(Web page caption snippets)
▬▬▬
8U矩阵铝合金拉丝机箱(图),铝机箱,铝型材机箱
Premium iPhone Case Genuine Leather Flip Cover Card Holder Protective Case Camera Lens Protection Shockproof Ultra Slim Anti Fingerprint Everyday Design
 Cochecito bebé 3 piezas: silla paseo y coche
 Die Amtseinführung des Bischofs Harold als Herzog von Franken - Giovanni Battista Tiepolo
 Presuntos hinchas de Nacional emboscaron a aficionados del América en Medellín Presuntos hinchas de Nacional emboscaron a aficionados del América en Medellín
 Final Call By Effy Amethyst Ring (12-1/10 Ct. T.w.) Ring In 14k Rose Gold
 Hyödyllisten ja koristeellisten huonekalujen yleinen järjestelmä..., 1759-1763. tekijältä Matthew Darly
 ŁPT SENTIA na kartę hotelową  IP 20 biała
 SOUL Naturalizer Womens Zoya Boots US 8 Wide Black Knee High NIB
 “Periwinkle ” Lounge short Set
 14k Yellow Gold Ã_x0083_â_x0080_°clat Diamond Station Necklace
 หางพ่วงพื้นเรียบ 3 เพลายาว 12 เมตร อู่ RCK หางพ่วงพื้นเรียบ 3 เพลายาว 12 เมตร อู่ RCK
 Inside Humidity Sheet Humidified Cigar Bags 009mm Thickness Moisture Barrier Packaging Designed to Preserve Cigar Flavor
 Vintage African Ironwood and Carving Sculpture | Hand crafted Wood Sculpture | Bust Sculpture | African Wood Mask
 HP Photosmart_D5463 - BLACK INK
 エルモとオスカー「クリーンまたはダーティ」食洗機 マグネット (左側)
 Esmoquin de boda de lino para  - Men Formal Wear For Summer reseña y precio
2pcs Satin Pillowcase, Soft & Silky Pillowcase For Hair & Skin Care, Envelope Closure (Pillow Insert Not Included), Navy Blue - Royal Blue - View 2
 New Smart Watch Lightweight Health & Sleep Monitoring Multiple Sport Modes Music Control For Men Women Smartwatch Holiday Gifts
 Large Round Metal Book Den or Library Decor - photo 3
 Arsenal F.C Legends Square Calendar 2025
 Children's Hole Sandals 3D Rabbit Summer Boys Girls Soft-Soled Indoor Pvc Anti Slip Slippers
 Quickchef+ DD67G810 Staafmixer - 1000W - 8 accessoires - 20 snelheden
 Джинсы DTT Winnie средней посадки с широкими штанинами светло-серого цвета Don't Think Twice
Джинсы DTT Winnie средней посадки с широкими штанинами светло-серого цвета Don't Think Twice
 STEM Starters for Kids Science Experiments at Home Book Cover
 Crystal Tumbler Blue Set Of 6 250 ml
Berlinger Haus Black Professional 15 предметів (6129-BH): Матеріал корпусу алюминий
▬▬▬
- [What to do]:
Set down verbatim only the lines between the start of the data above and the line with "Die Amtseinführung des", both boundaries included.

- [Exercise solution]:
8U矩阵铝合金拉丝机箱(图),铝机箱,铝型材机箱
Premium iPhone Case Genuine Leather Flip Cover Card Holder Protective Case Camera Lens Protection Shockproof Ultra Slim Anti Fingerprint Everyday Design
 Cochecito bebé 3 piezas: silla paseo y coche
 Die Amtseinführung des Bischofs Harold als Herzog von Franken - Giovanni Battista Tiepolo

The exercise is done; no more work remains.